Statistical analysis
The Bland–Altman process was employed to evaluate the agreement and variations between the two methods. From the mean difference between Syngo Via and AI data, the P value was determined.
RESULTS
Among the 15 patients included in the study, 11 were male, and 4 were female, with a mean age of 58.2 ± 15.7 years (range: 41–79 years). This diverse cohort provided a robust basis for evaluating differences in tumour imaging metrics derived from the Syngo Via and AI-driven RECOMIA platforms. Analysis revealed significant discrepancies in SUVmean, MTV, and TLG between the two methodologies, with P values of 0.0001, 0.0003, and 0.0312, respectively. These findings highlight the superior sensitivity of AI-driven metrics in detecting and quantifying metabolic tumour characteristics. The AI methodology consistently provided broader and more nuanced evaluations, underscoring its potential for improving the precision of tumour activity assessment.
In contrast, SUVmax values showed no significant differences between the two methods, with a P = 0.2058, suggesting comparable performance in this parameter.
The observed variations in SUVmean, MTV, and TLG metrics emphasise the advanced capability of AI tools like RECOMIA to deliver a comprehensive and detailed analysis of metabolic tumour activity, positioning them as a trans formative addition to clinical and research imaging workflows.
Maximum standardised uptake value
The SUVmax values differed by 0.55 ± 1.62 between Syngo Via and the AI-driven RECOMIA platform, within a 95% CI of − 0.27– 1.38. The associated P = 0.2058, exceeding the typical threshold for statistical significance (P < 0.05). Thus, the difference in SUVmax values between the two methods did not show statistical significance, indicating similar performance in this aspect.

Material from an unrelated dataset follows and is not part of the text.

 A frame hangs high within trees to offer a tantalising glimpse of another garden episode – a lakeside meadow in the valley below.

These findings demonstrate that both Syngo Via and AI provide consistent SUVmax readings. Thus, they are reliable for measuring the highest metabolic activity in colorectal tumours. Although SUVmax is widely accepted, its limited variation indicates it may not fully capture the nuances of metabolic activity, unlike metrics such as SUVmean, MTV, or TLG, where AI demonstrates higher sensitivity.

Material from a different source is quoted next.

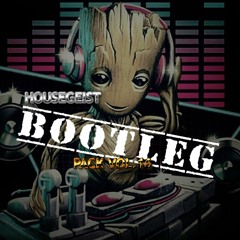 Housegeist- Bootleg Pack Vol.16 (Prev.) *Free DL For Full Track Pack*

In Table 1, you can find a detailed breakdown of SUVmax values for the two methods, while Fig 1 illustrates their alignment and variability through a Bland–Altman plot. The visual and tabular analyses indicate that the SUVmax results are consistent across both methods, reinforcing its role as a reliable baseline metric in tumour imaging.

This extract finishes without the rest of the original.